[What is needed]:
Your response should consist of the entries below, reproduced exactly and without their images.

[The data]:

━━━━

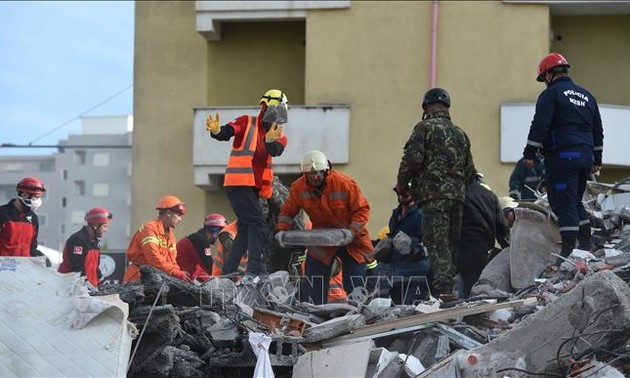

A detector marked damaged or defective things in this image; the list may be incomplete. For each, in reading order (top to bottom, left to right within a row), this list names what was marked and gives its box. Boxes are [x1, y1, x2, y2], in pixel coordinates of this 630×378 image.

broken concrete slab [512, 207, 560, 290]
broken concrete slab [294, 340, 372, 376]
broken concrete slab [442, 270, 630, 376]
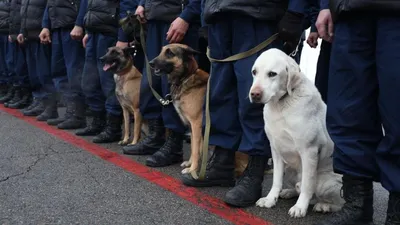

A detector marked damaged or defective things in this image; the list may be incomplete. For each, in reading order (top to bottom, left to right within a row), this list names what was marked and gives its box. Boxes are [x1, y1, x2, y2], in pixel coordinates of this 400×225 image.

━━━━

[Reply]:
A detector marked damaged or defective things in this image; the list may be incomplete. For each, in reading order (top to bottom, left to right within a row), this list names what was marked and gives its box. Boxes are [x1, y1, x2, y2], in pixel coordinates of this 630×378 image.

broken concrete slab [512, 207, 560, 290]
broken concrete slab [294, 340, 372, 376]
broken concrete slab [442, 270, 630, 376]

A detector marked damaged or defective things in this image; the list may be incomplete. For each, in reading order (top to bottom, left to right within a row), this list names what was marked and gives its box. Boxes are [x1, y1, x2, y2], in pixel coordinates of this 400×225 image.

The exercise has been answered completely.